Infants with abnormal head and neck posture should be carefully assessed to identify the exact cause. Clinical pathway guidelines suggest that the initial evaluation should include a description of resting posture, measurements of resting head tilt, cervical ROM into the rotation and lateral flexion, palpation of the SCM muscle for the possible mass, neurologic examination, and ophthalmologic examination (6, 8, 12). In addition to physical examinations, SCM muscle ultrasonography can be considered as the evaluation tool for CMT because of its high diagnostic validity (7). Other causes are clinically ruled out if the ultrasound reveals abnormalities in the unilateral SCM muscle, such as increased thickness, heterogeneous echogenicity, and a mass consistent with the diagnosis of CMT. In the present report, however, the two cases of congenital torticollis suggest the possibility of the concurrence of more than two underlying causes.

The first case revealed both CMT and congenital osseous torticollis of a vertebral anomaly. A recent study showed that ~1% of cases of congenital torticollis were caused by vertebral malformations. In addition, it suggested the importance of careful examinations and 3D-CT of the cervical spine because patients with congenital osseous torticollis might only show torticollis symptoms and ambiguous vertebral abnormalities on the cervical X-ray imaging just as our first patient showed a subtle abnormality on the clavicle X-ray imaging (8). Thus, clinicians should perform additional imaging tests to avoid misdiagnoses if the patient does not respond to physical therapy or normal cervical alignment and morphology are not evident on cervical X-rays.

The second case demonstrated the concurrence of CMT and congenital ocular torticollis due to agenesis of the fourth cranial nerve. Congenital ocular torticollis includes various etiologies, such as superior oblique muscle palsy (the most common), other ocular deviations, nystagmus, Brown syndrome, and spasmus nutans (3, 13, 14). The prevalence of congenital ocular torticollis is unclear but is considered more frequent than congenital osseous torticollis (8). Congenital ocular torticollis is diagnosed by employing several clinical tests, such as visual function, pupillary reactivity, and extraocular movement (duction/version) assessments, the corneal light reflex test, the cover/uncover test, and neuroimaging studies (15). The diagnosis of congenital ocular torticollis is typically more delayed than CMT because binocular vision development begins at ~4 months of age. Therefore, the condition is not suspected until the patients can sit independently and observe while in a sitting position (16). Our patient was diagnosed with CMT at the age of 3 months, and there was some improvement after the initial physical therapy. Despite continued therapy, he did not improve further. We, therefore, performed an ophthalmologic evaluation. Early diagnosis of congenital ocular torticollis is important because delayed management may lead to loss of binocularity, development of amblyopia, and permanent deformities caused by musculoskeletal system tissue changes (17). If a child's torticollis worsens while observing an object in a seated position or if the child is resistant to physiotherapy, ophthalmologic evaluations should be conducted (18).

Besides osseous and ocular causes, there are various underlying etiologies of torticollis such as infection, inflammation, tumor of the brain, spinal cord or cervical spine, and neurologic disorders in children. Therefore, healthcare providers should carefully implement initial and ongoing evaluations while managing CMT, particularly when the patient has atypical signs and symptoms which suggest non-muscular congenital torticollis. Red flags for further evaluation include atypical cranial deformation, acute-onset, late-onset at 6 months or older, abnormal neurologic signs, visual abnormalities, and worsening of or unresponsiveness to physical therapy (6, 19).

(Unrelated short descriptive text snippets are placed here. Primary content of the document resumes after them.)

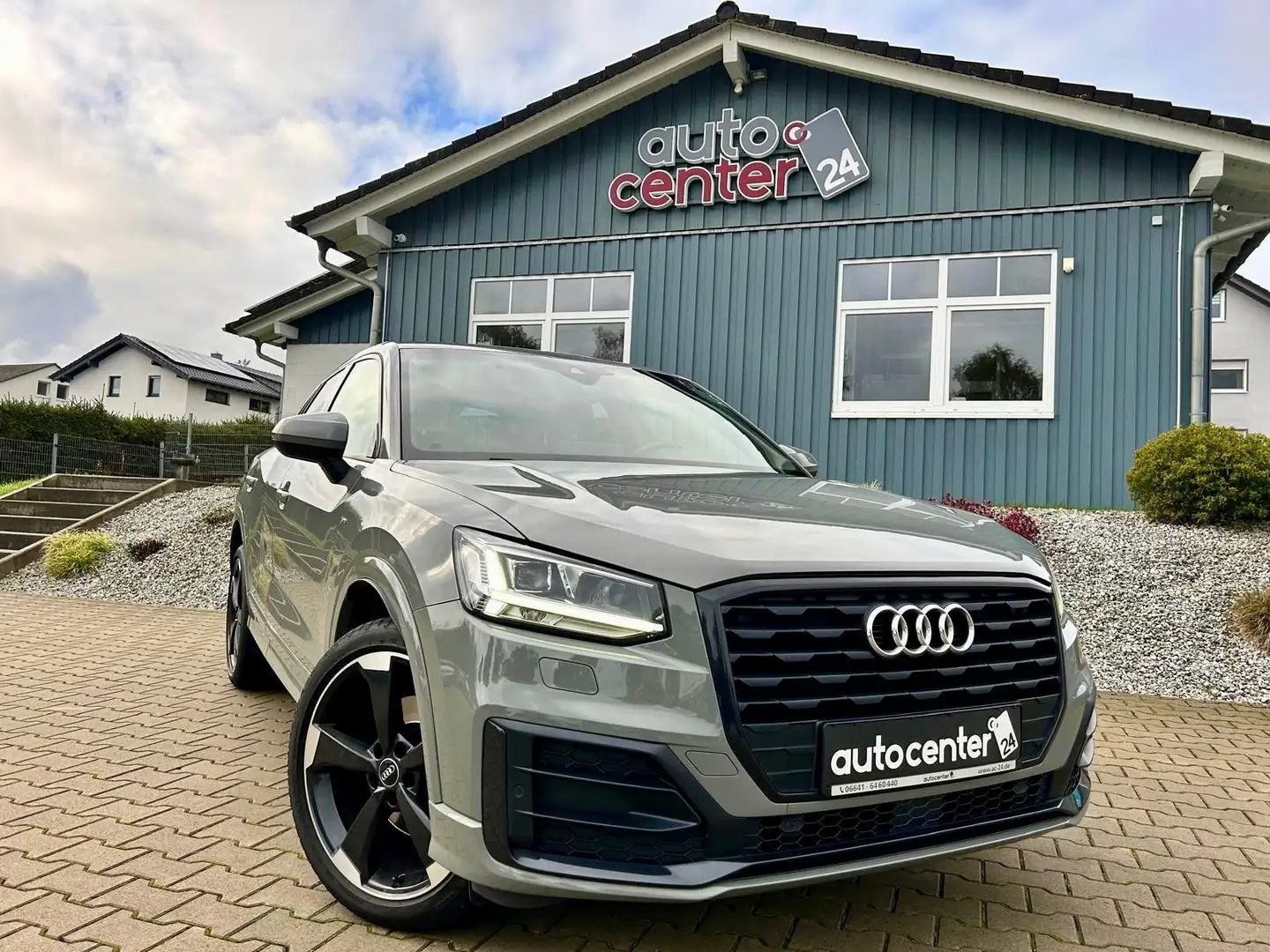 Audi Q2 35 TFSI°S Line°DSG°AHK°Leder°19 Zoll°LED° Grau - 1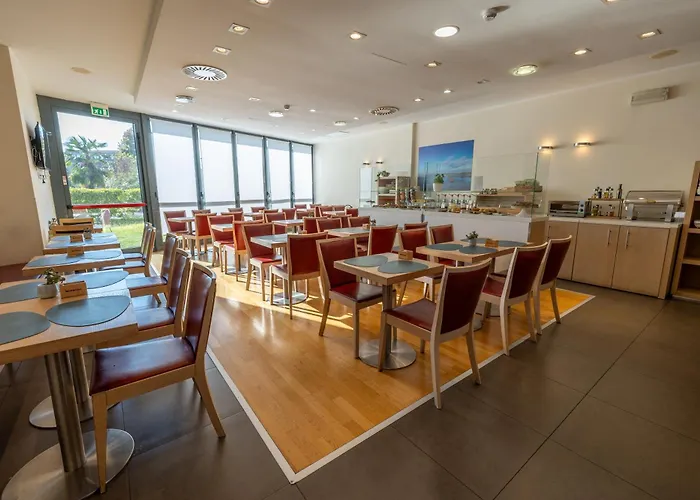 贝斯特韦斯特宫殿客栈酒店 费拉拉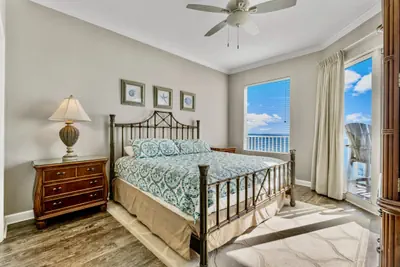 Photo 2 - Stunning 3BD Beachfront Condo! Free Beach Chair Service for 4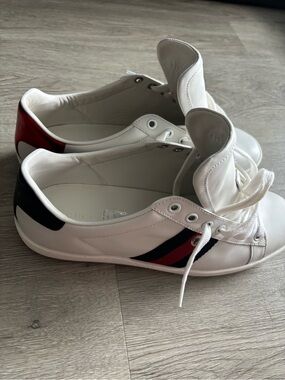 Gucci White Leather Sneakers with Red & Navy Web Stripe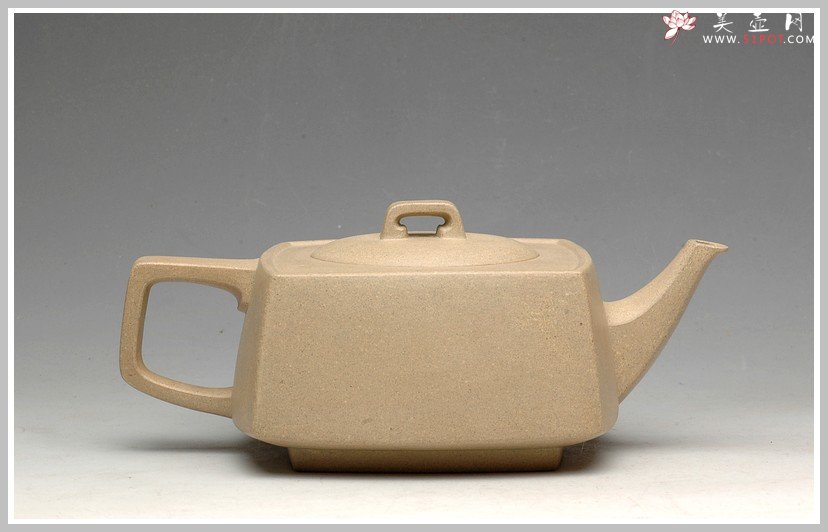 紫砂壶图片：优质本绿 全手精品砂四方 - 宜兴紫砂壶网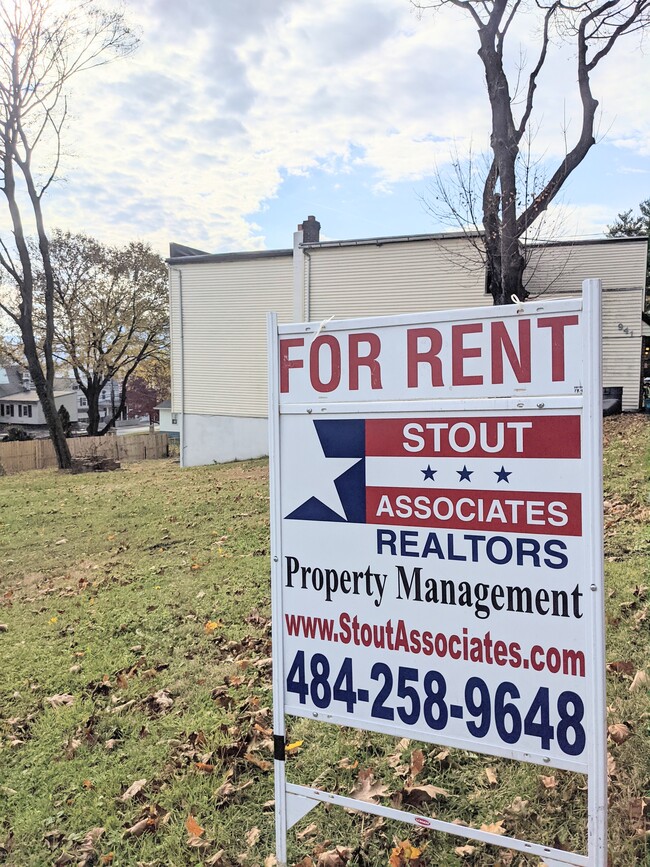 Building Photo - 941 Port Carbon St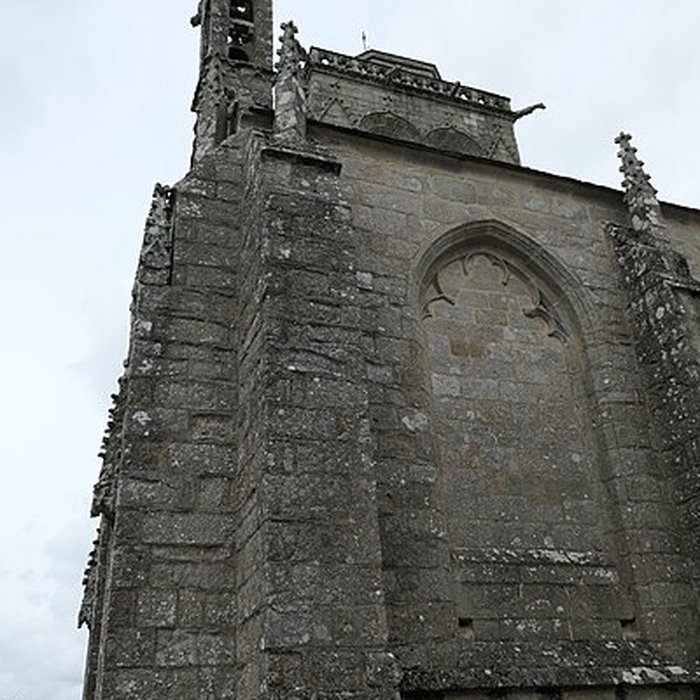 Photo de Place de lÉglise et ses maisons à Locronan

Our two patients presented with a coincidence of two causes of congenital torticollis in the same direction, thereby exacerbating the symptoms. Unless careful ongoing examination and assessment are conducted, congenital vertebral anomalies and congenital agenesis of the fourth cranial nerve might go unnoticed in such cases. If the concurrent types of congenital torticollis in such patients are not identified in their early state, surgical resection of the SCM muscle can be conducted in cases refractory to physical therapy. Clinicians should therefore consider not only the differential diagnosis but also the concurrence with other causes of congenital torticollis if patients with CMT present with unusual features or do not respond to conventional therapy.

Data Availability Statement

The original contributions presented in the study are included in the article/supplementary material, further inquiries can be directed to the corresponding author/s.

Author Contributions

M-WK: acquisition of data, analysis and interpretation of data, writing, and critical revision of the manuscript. D-YK, D-HR, JK, and D-WL: acquisition of data and analysis and interpretation of data. D-HJ: study concept and design, acquisition of data, analysis and interpretation of data, study supervision, and critical revision of the manuscript for intellectual content. All authors contributed to the article and approved the submitted version.

Conflict of Interest

The authors declare that the research was conducted in the absence of any commercial or financial relationships that could be construed as a potential conflict of interest.

Publisher's Note

All claims expressed in this article are solely those of the authors and do not necessarily represent those of their affiliated organizations, or those of the publisher, the editors and the reviewers. Any product that may be evaluated in this article, or claim that may be made by its manufacturer, is not guaranteed or endorsed by the publisher.

Abbreviations

CMT, Congenital muscular torticollis; SCM, Sternocleidomastoid; MRI, Magnetic resonance imaging; ROM, Range of motion.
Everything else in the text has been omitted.